Espressif Systems ESP32­C3 Ultra-Low Power SoCs are ideal for various scenarios and complex applications based on a rich set of peripheral interfaces and general-purpose input/outputs (GPIOs). The ESP32-CA are ultra-low-power and highly integrated MCU-based System-on-Chip solutions, supporting 2.4GHz Wi-Fi^® and BLUETOOTH^® Low Energy. The SoC has applications in smart homes, industrial automation, health care, consumer electronics, smart agriculture, retail and catering, and audio devices.
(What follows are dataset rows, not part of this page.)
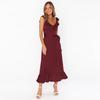 Ins Verano Europeo y Americano Nuevo Vestido con Volantes Vestido de Dama de Honor de Satén Transfronterizo Vestido Largo sin Mangas para Mujer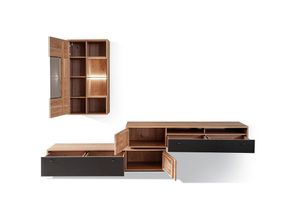 4066075117988 - Wohnwand braun VALPARAISO-05 Modern in Eiche Bianco teilmassiv 2-teilig mit led Beleuchtung - braun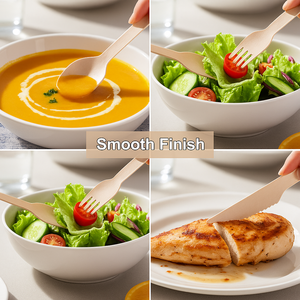 Meilleures ventes : Couverts biodégradables en bois jetables (cuillère, fourchette, couteau) - Product Image 6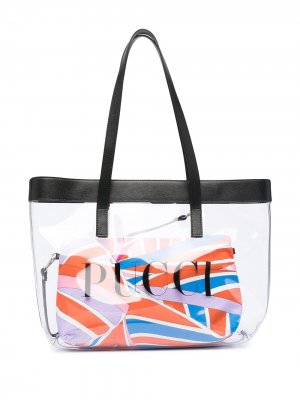 Прозрачная сумка-тоут с логотипом Emilio Pucci Junior. Цвет: белый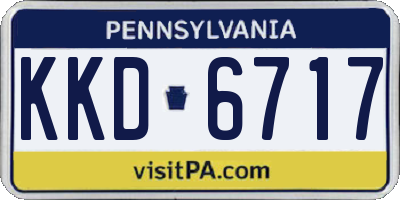 PA license plate KKD6717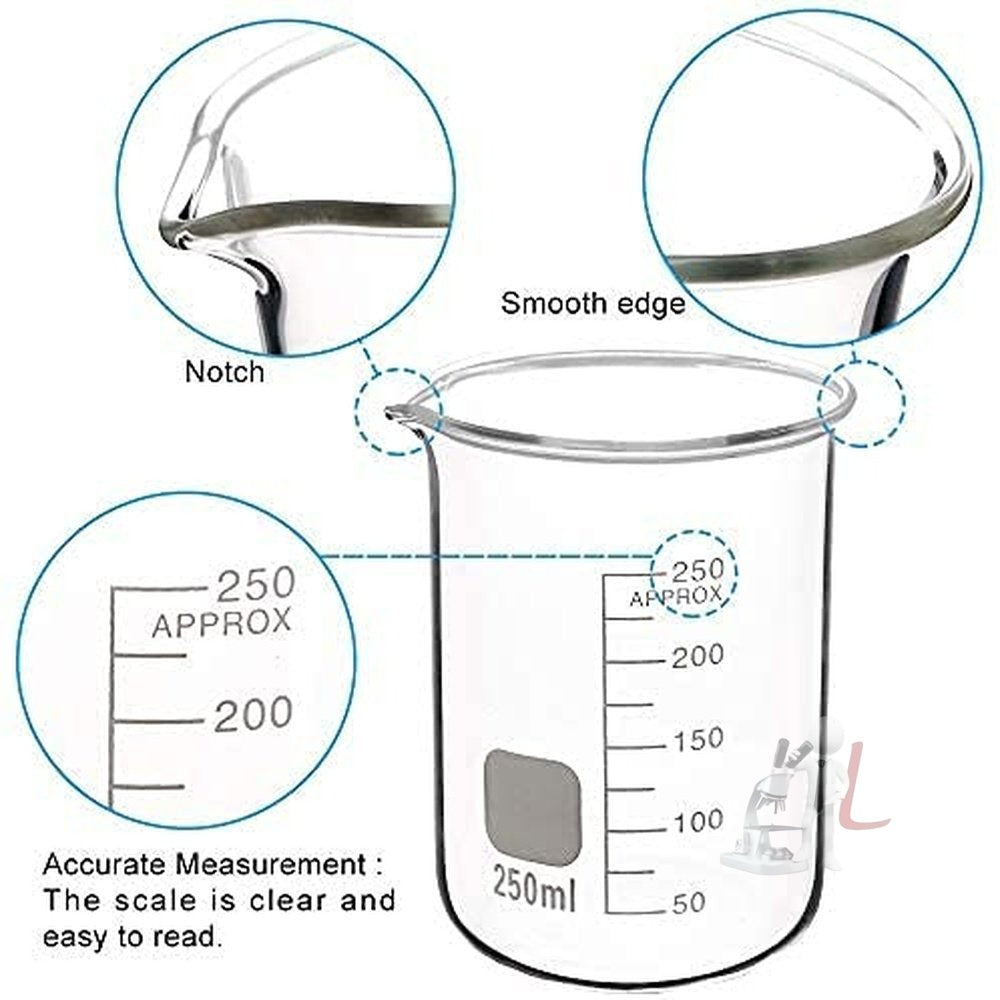 Beaker Glass Borosilicate 3.3  5 ml, 10 ml, 25 ml, 50 ml, 100 ml, 250 ml with Graduation Marks, Set of 6 Beakers - Laboratorydeal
The DFRobot Maix Go and Bit AI Development Kit covers a lot of ground with several key pieces. The kit features a K210 controller chip with AI and MicroPython support. The kit also comes with a dual-core processor chip with an independent floating-point unit (FPU), 64 bits central processing unit bit-width, 8MB on-chip SRAM, 400 adjustable nominal-frequency, and a double-precision FPU. The Bit AI kit and board integrate an on-board 128Mb high-speed and large-capacity flash, high-speed USB to serial port chip CH552, RGB LED, micro-electromechanical system (MEMS) microphone, 24-pin digital video port (DVP) camera interface, and 24-pin 8-bit MCU LCD interface. The Maix Go kit includes an on-board accelerometer MSA300, and an audio encoding chip.

The aim is for silicon developers to implement an instruction set that is simpler to use and easier to understand, so they don't have to create everything from scratch. As an open-source ISA, RISC-V hardware offers developers an incredible amount of freedom for endless customization and innovative design.